Filipinos investing in the local property market with money earned overseas helped make the peso Asia’s best-performing currency of 2012, even as a global economic slump sapped demand for riskier assets.

Euliver Dizon, a web designer in the U.S., is scouting for a home in Manila, praising President Benigno Aquino for improving the economy. Rommel Adre, a software developer who worked abroad from 2000 to 2011, bought a home in the capital and some properties to rent. Aileen Respicio, a former domestic helper, opened a beach resort with her Scottish husband six years ago and is now buying more land.

The peso has gained 3.7 percent this year versus the dollar including interest. Capital inflows aid Aquino’s drive to win an investment-grade rating, which would allow the Philippines to attract pension money needed to build roads, bridges and airports. Central bank data shows remittances from overseas workers rose 5.4 percent in the first quarter from a year earlier to $4.8 billion, accounting for 10 percent of the economy. They don’t detail use of funds.

“Aquino has been working to remove corruption and other things that used to make investors reluctant to put money into the country,” Toshifumi Sugimoto, president and chief investment officer in Tokyo at Capital Asset Management Co., which runs a $16 million Philippine stock-dedicated fund, said in an interview on June 7. “The country has been moving quite fast and, because of strong growth and solid demand, there are many new properties going up.”

Asset Bubbles

The peso rose as much as 0.5 percent to a one-month high of 42.43 per dollar after exports rose 7.6 percent in April from a year earlier, exceeding the estimate for a 0.5 percent gain in a Bloomberg News survey. The central bank predicts remittances will reach a record $21 billion this year and is due to report April figures tomorrow. They are growing faster than the 5 percent target, supporting the peso, Finance Secretary Cesar Purisima said. He said there is no evidence of hot money driving property prices higher.

“We are monitoring carefully the situation to make sure we don’t create problems down the road for us in terms of asset bubbles,” Purisima said in a June 12 interview in New York. “We are very far from the situation.”

Overseas Filipinos account for about 30 percent of residential sales, as many workers have already satisfied the food and clothing needs of their families, said Alex Pomento, head of research at Macquarie Group’s Manila unit. About 100,000 housing units have been added per year since Aquino took office in 2010, up from about 60,000 in 2007, he said.

Returnees Targeted

Property firms are targeting returning Filipinos, known as balikbayan. Ayala Land Inc. (ALI), the nation’s largest developer, has been holding project exhibits in places such as Milpitas, California and Washington D.C. as well as three Canadian cities to attract expatriates with the slogan “we’ll bring you home.” Filipino-American actor Sam Milby sang at the opening of the company’s first U.S. office in Milpitas on April 28.

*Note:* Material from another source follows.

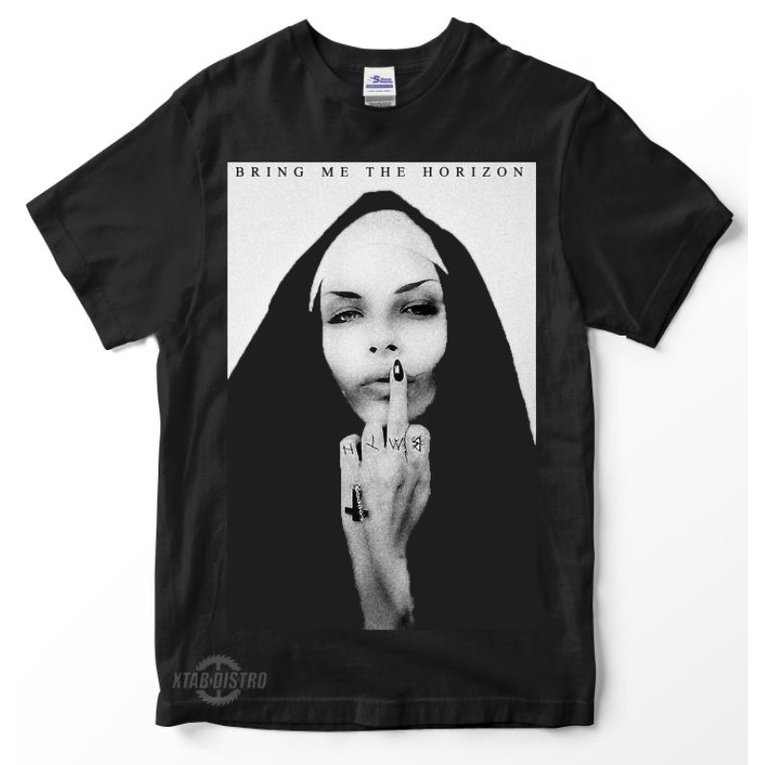 Kaos BRING ME The HORIZON Nun Premium Tshirt Bmth Nun Kaos Band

Between 2005 through first half of 2011, prices of two- bedroom condominiums rose at a compound annual growth rates of between 5.5 percent to 16 percent for selected projects located in five areas in Metro Manila, according to Richard Laneda, analyst at CitisecOnline.com.ph.

“I’d like to have my own home in the Philippines,” Dizon, 37, said in a June 6 interview. “It’s a good investment considering the positive developments in the economy.”

The peso may weaken as Europe’s debt crisis hurts Asia’s export outlook, according to Jonathan Ravelas, chief market strategist at BDO Unibank Inc. (BDO) in Manila.

“The peso is resilient but not immune to this global volatility,” he said.

Faster Growth

So far the economy is outperforming regional peers. First- quarter growth of 6.4 percent was the most among Southeast Asia’s five biggest economies as Aquino increased state spending to a record this year.

The government reported its second monthly budget surplus of 2012 in April and aims to narrow the annual shortfall to 2 percent of gross domestic product by 2013 from 2.6 percent this year. Collections made by the Bureau of Internal Revenue rose 14 percent from January to April, surpassing the 12 percent increase in state spending, official data showed on May 21.

Moody’s Investors Service upgraded the nation’s rating outlook in May to positive, citing improving debt levels. That followed a similar move by Standard & Poor’s in December. Both companies rank the $200 billion economy at the second-highest junk level. Fitch Ratings raised its assessment to one step below investment grade last year.

Budget Progress

Borrowing costs for the Philippines are now lower than higher-ranked Spain, which was downgraded by Moody’s yesterday by three steps to Baa3, the lowest investment grade. The Philippines’ 15 percent peso-denominated government bonds due March 2022 yielded 5.99 percent today, compared with 6.79 percent for Spain’s 5.85 percent bonds due 2022.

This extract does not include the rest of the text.